» YOUR INSTRUCTIONS: For this exercise, return exactly the lines of the material below that begin at the one with "Kuka Ready2educate Schulungszelle" and stop after the one with "Atherton Fixed Top".

» EXERCISE INPUT:
━━━━━━━━━━━━━━━━
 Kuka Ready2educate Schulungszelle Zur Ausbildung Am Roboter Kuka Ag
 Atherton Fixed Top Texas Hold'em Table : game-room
━━━━━━━━━━━━━━━━
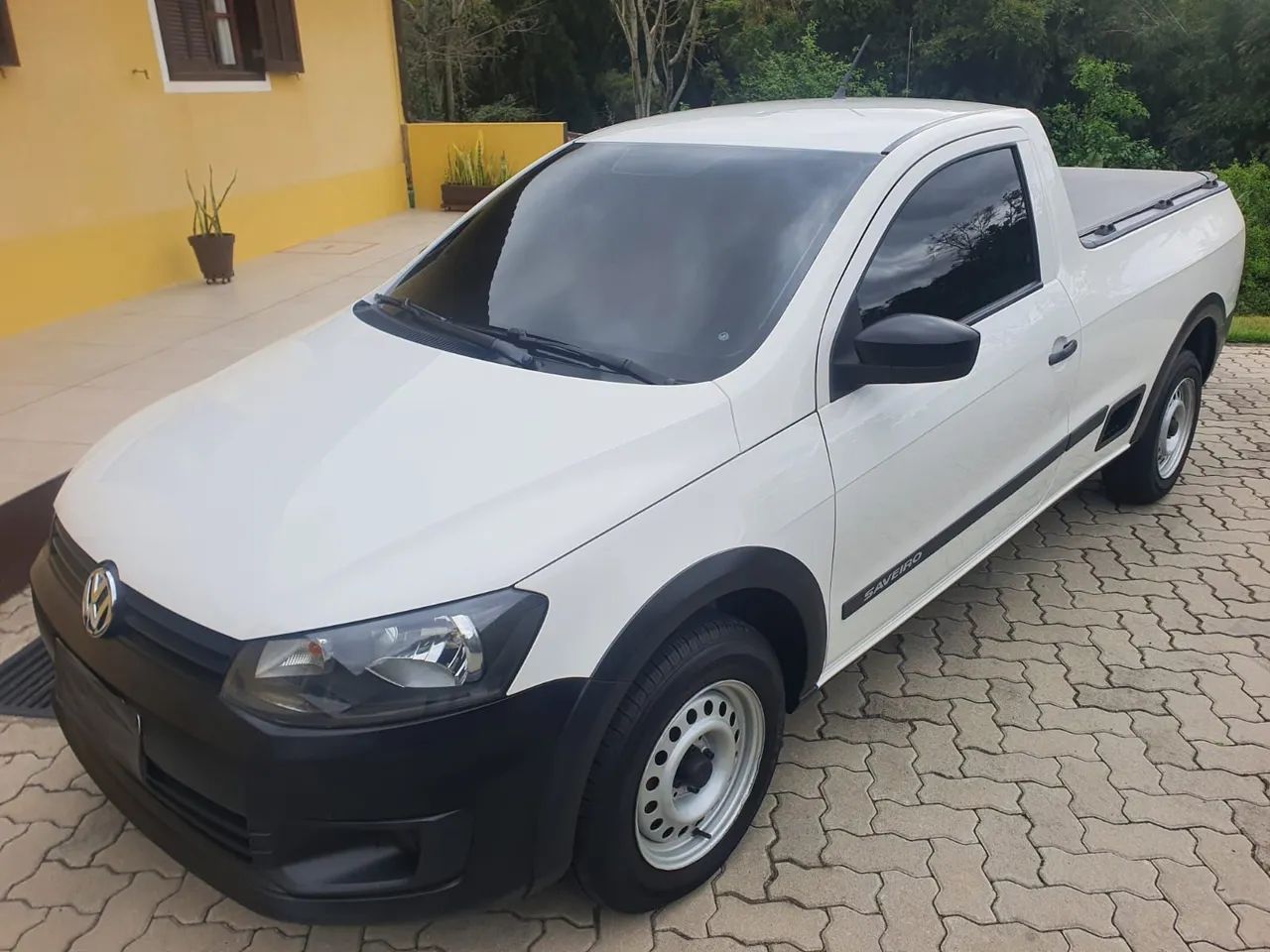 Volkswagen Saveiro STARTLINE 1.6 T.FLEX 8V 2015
━━━━━━━━━━━━━━━━
» EXERCISE OUTPUT:
 Kuka Ready2educate Schulungszelle Zur Ausbildung Am Roboter Kuka Ag
 Atherton Fixed Top Texas Hold'em Table : game-room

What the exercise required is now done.